@ Your Library
I hope all you readers are still making progress on your 2025 reading challenge to read 25 books following 25 different prompts. And if not, today is a great day to start or return to the challenge. And even if you don’t want to participate in the challenge, we hope you will visit the library and borrow a book. Reading can be a very important part of life and help us all relax, know more, become more empathetic and even sleep better. Another reason for adults to read is to show the children in their life that reading can be an activity of choice and that it is one of the many ways we learn throughout our entire lives. Grab a book today and let a child see you reading. If you do most of your reading digitally these days, show your children the screen so they see you are reading.
Today we’ll look at titles that are under 250 pages. That isn’t super short, but not a tome either. Many books are under 250 pages, including lots of juvenile and young adult fiction. So wander over to the young adult shelves, or wander down to the junior room and find a book that interests you.
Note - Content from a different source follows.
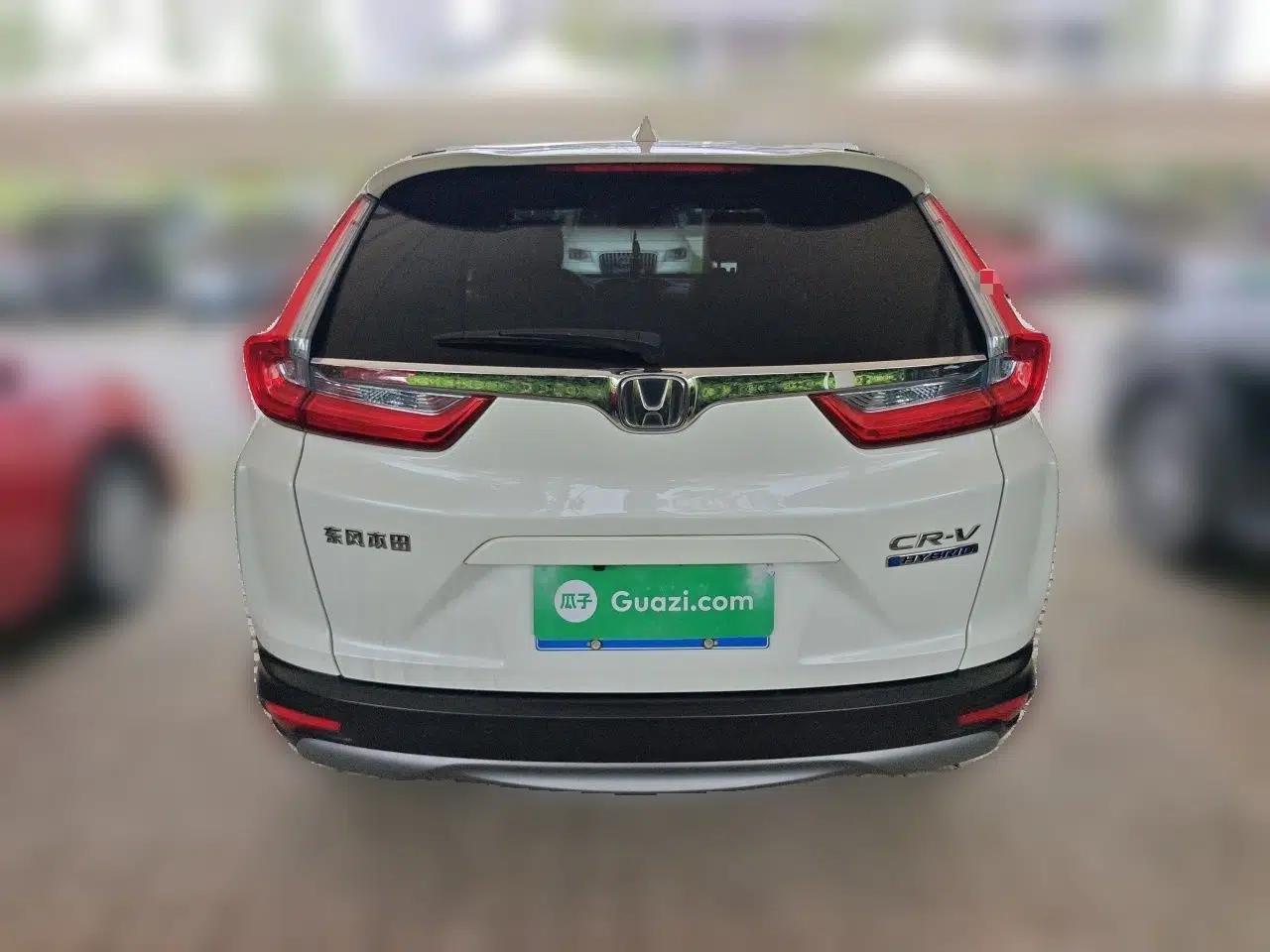 Honda CR-V 2019 Rui Hybrid 2.0L 2WD Pure Drive Version China V Emission Standard — миниатюра 5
Try Peter Pan by James Barrie, The Lion, the Witch and the Wardrobe by C.S. Lewis or The Giver by Lois Lowry, all located in the junior room. Try Speak by Laurie Halse Anderson, The Outsiders by S.E. Hinton or The Absolutely True Diary of a Part-Time Indian by Sherman Alexie, shelved along the north wall of the library, the young adult section.
Here are some fantasy and science fiction stories that qualify as less than 250 pages. All Systems Red, the first Murderbot Diaries by Martha Wells, A Psalm for the Wild-Built by Becky Chambers or The Hitchhiker’s Guide to the Galaxy by Douglas Adams.
Classics under 250 pages include Metamorphosis by Franz Kafka, Call of the Wild by Jack London or Of Mice and Men by John Steinbeck. Contemporary novels under 250 pages include Small Things Like These by Claire Keegan, Moon of the Crusted Snow by Waubgeshig Rice or Elevation by Stephen King. And slightly older titles, but not old enough to be called classics yet include The Curious Incident of the Dog in the Night-Time by Mark Haddon, The No. 1 Ladies Detective Agency by Alexander McCall Smith, or Sharp Objects by Gillian Flynn.
Of course, you are also welcome to read non-fiction titles. So here are a few that are less than 250 pages. Astrophysics for People in a Hurry by Neil deGrasse Tyson, Tuesdays with Morrie by Mitch Albom, or The Introvert’s Way: living a quiet life in a noisy world by Sophia Dembling. Or try a memoir like A Year of Magical Thinking by Joan Didion, Postcards from the Edge by Carrie Fisher or Between the World and Me by Ta-Nehisi Coates. And like all recommendations, you are always encouraged to find your own titles as options.